- [Instructions for the task] Only the lines from the one containing "Winchester, MA 01890" to the end of the material are to be copied, exactly and in full; images stay out.

═════ Source material ═════

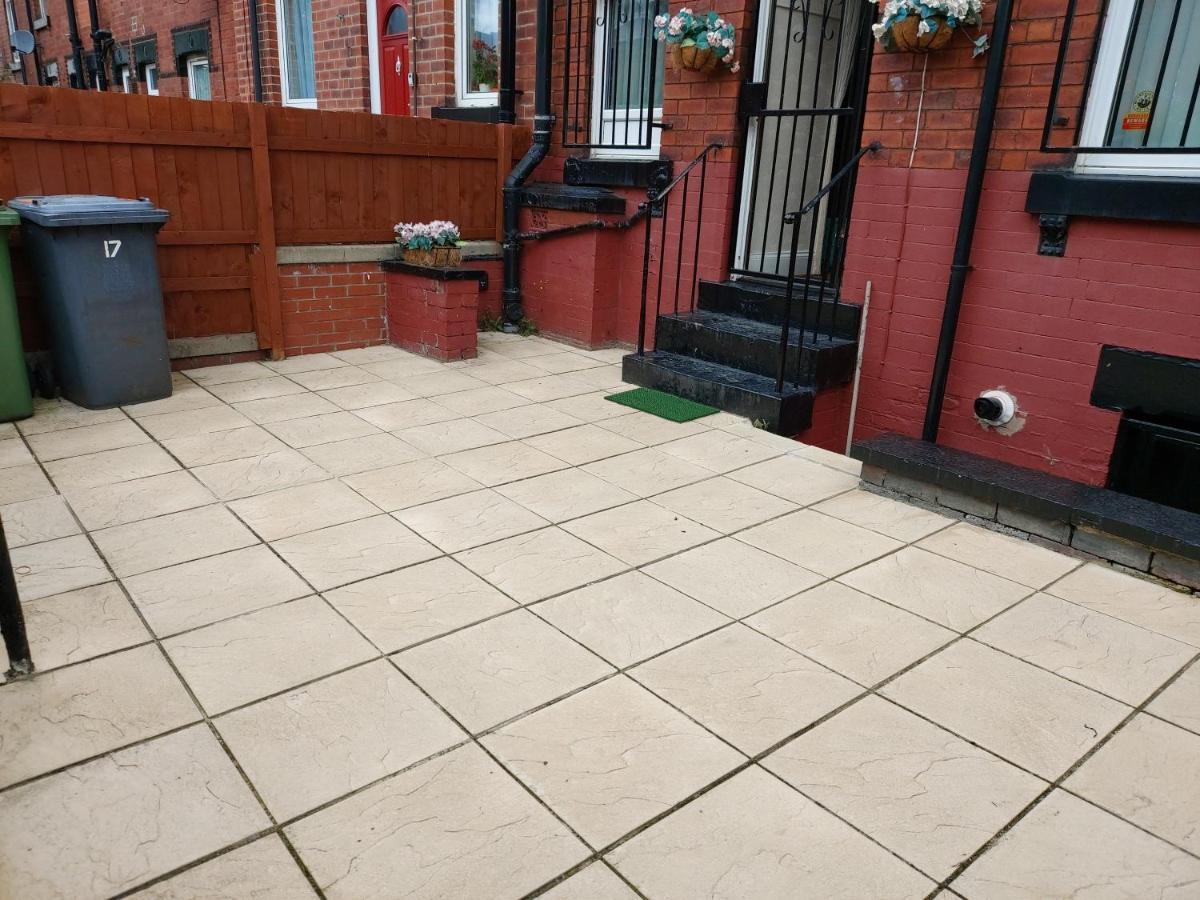 Spacious Two Bedroom House, Parking And Wifi Leeds (West Yorkshire) Exterior foto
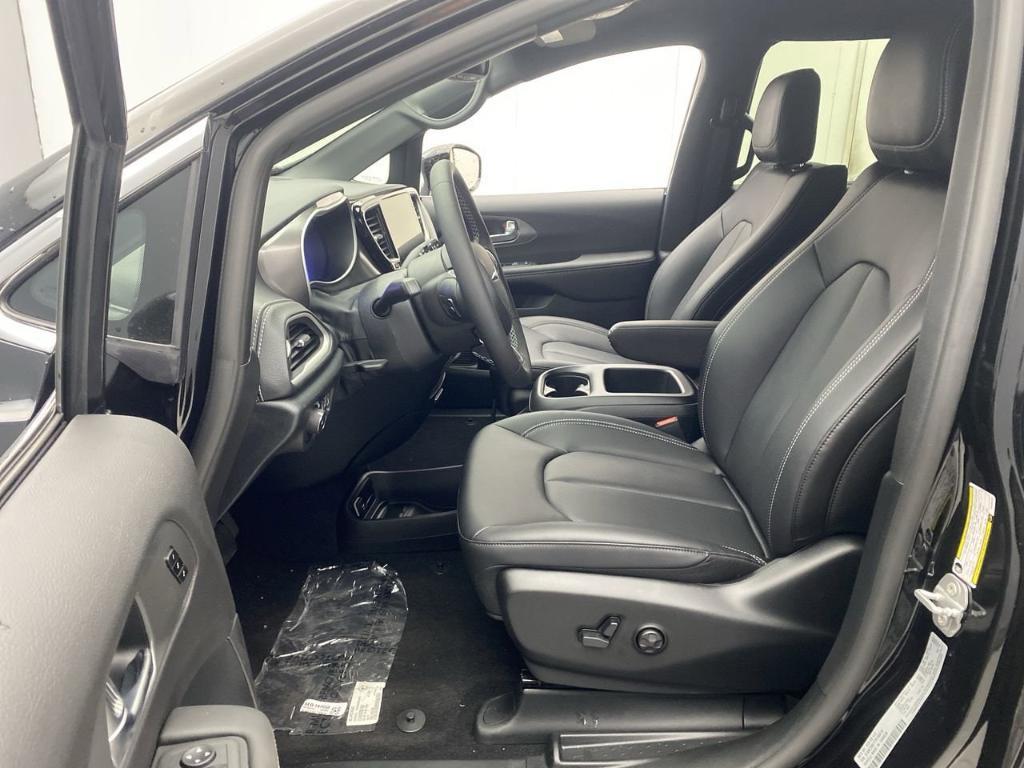 new 2026 Chrysler Pacifica car, priced at $45,390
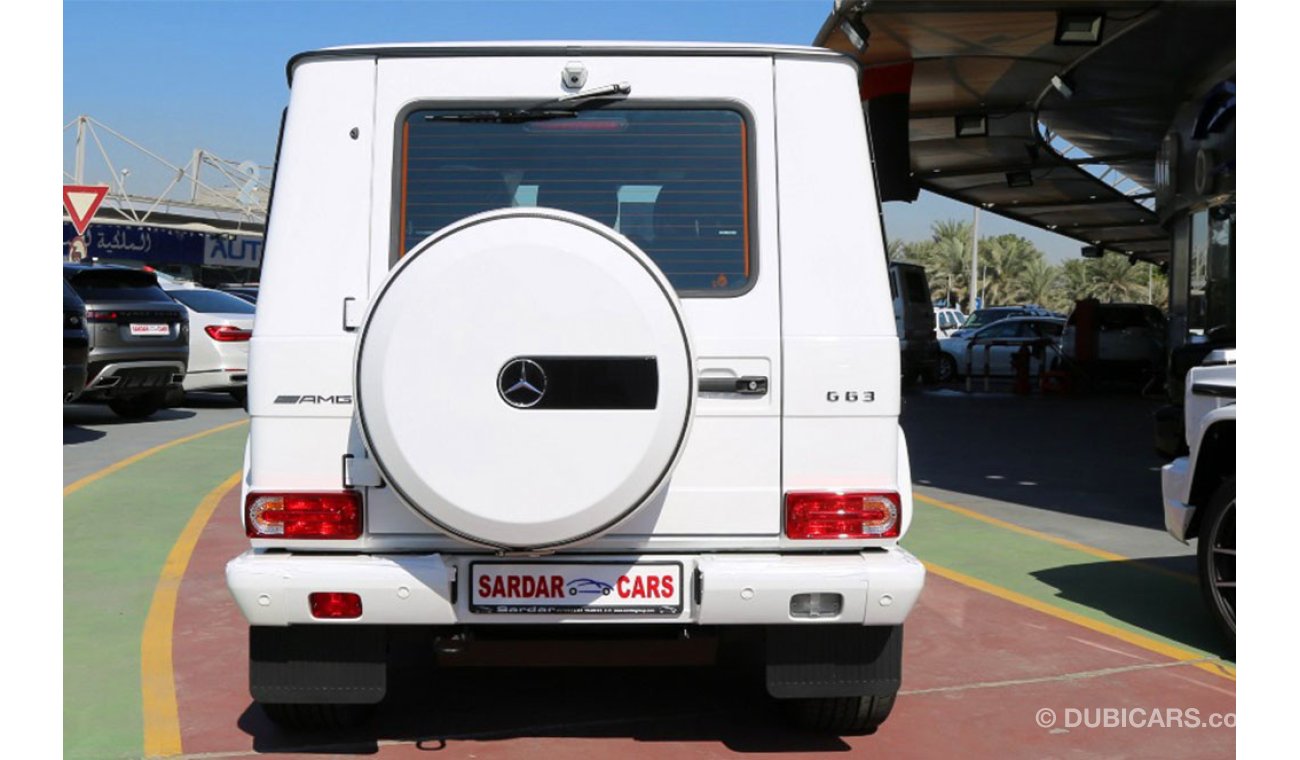 Mercedes-Benz G 63 AMG | inside Tan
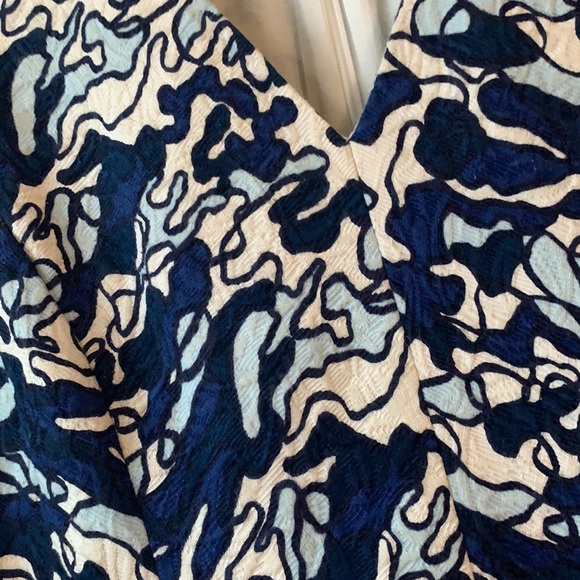 ELLE SASSON Flounder Cotton Blue Abstract Dress - Picture 8 of 12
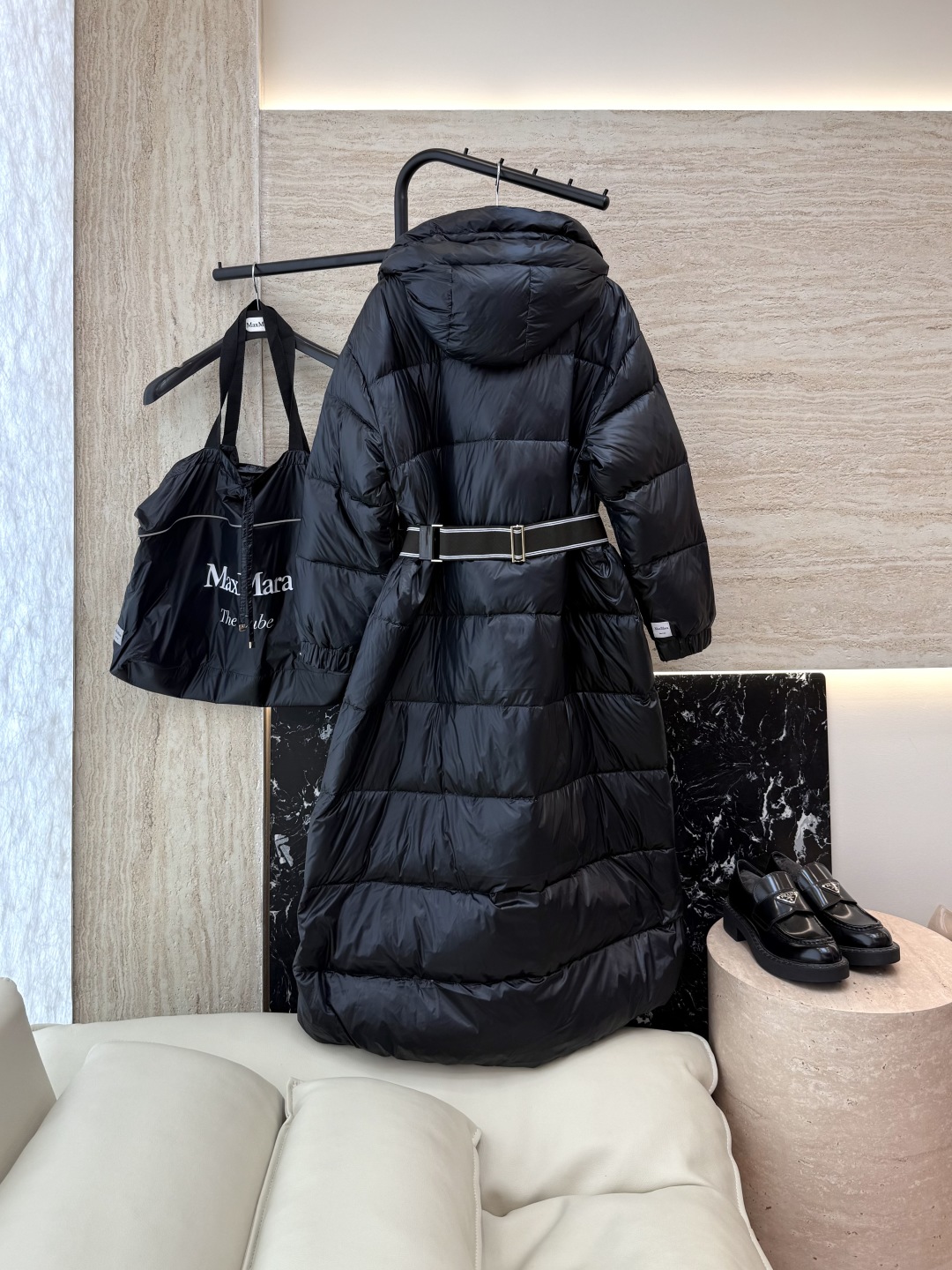 M619#新款羽绒服⚠️。
max mara  配原包装 原标顶级版 90% 鹅绒羽绒服  黑色 咖色 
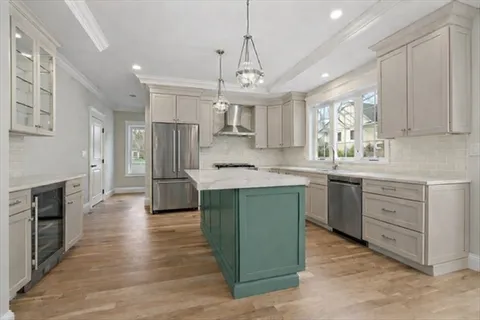 $2,699,000 | 2 Priscilla Lane, Winchester, MA 01890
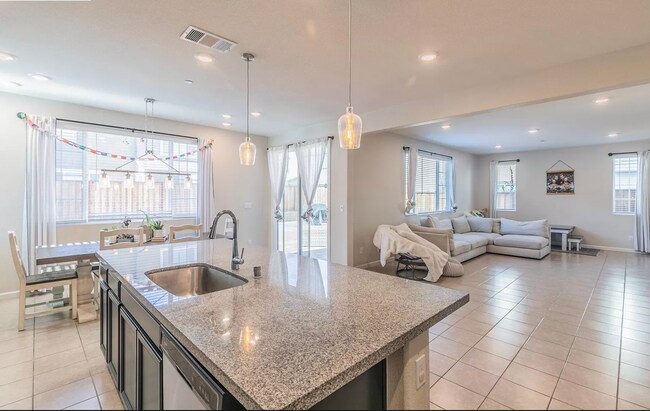5431 Gallier Loop Antioch, CA 94531 photo 4
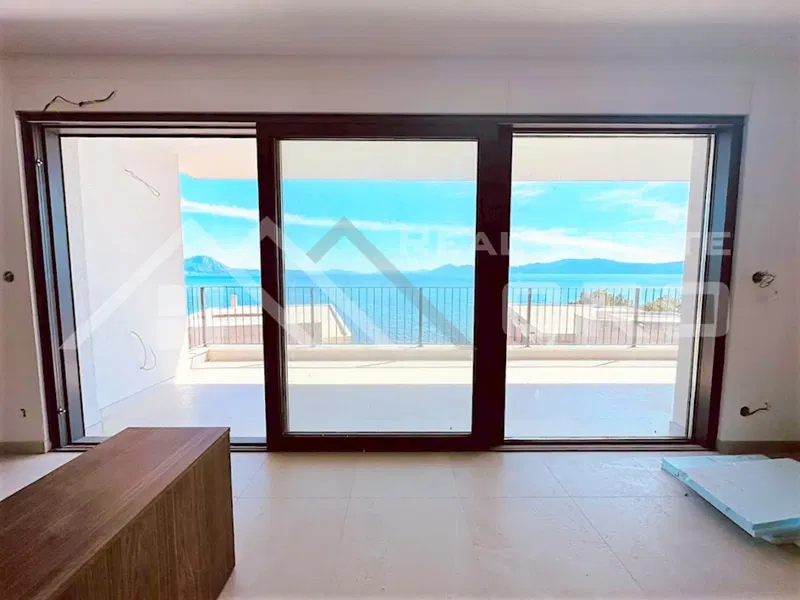 Immobili Hvar - Attico di lusso con vista panoramica, in seconda fila sul mare, in vendita – 3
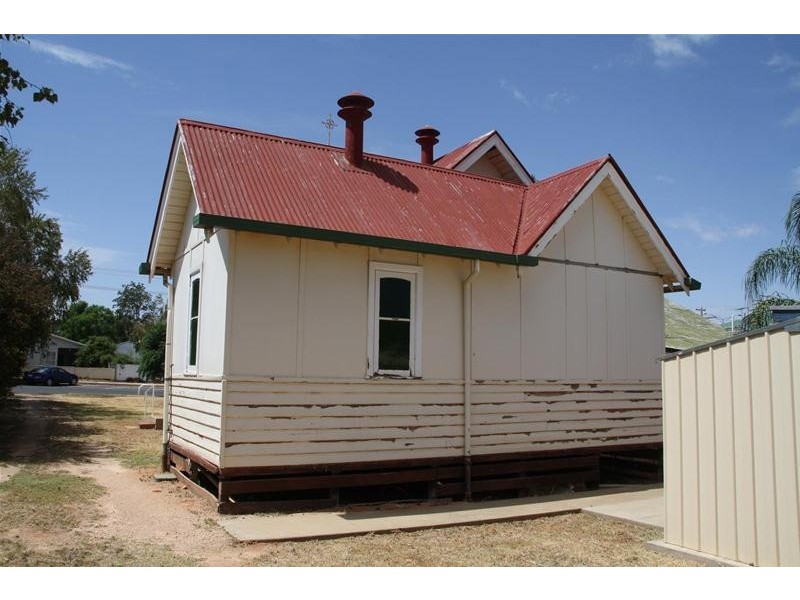 661 Koorlong Avenue, Irymple VIC 3498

═════

- [Exercise response]
 $2,699,000 | 2 Priscilla Lane, Winchester, MA 01890
5431 Gallier Loop Antioch, CA 94531 photo 4
 Immobili Hvar - Attico di lusso con vista panoramica, in seconda fila sul mare, in vendita – 3
 661 Koorlong Avenue, Irymple VIC 3498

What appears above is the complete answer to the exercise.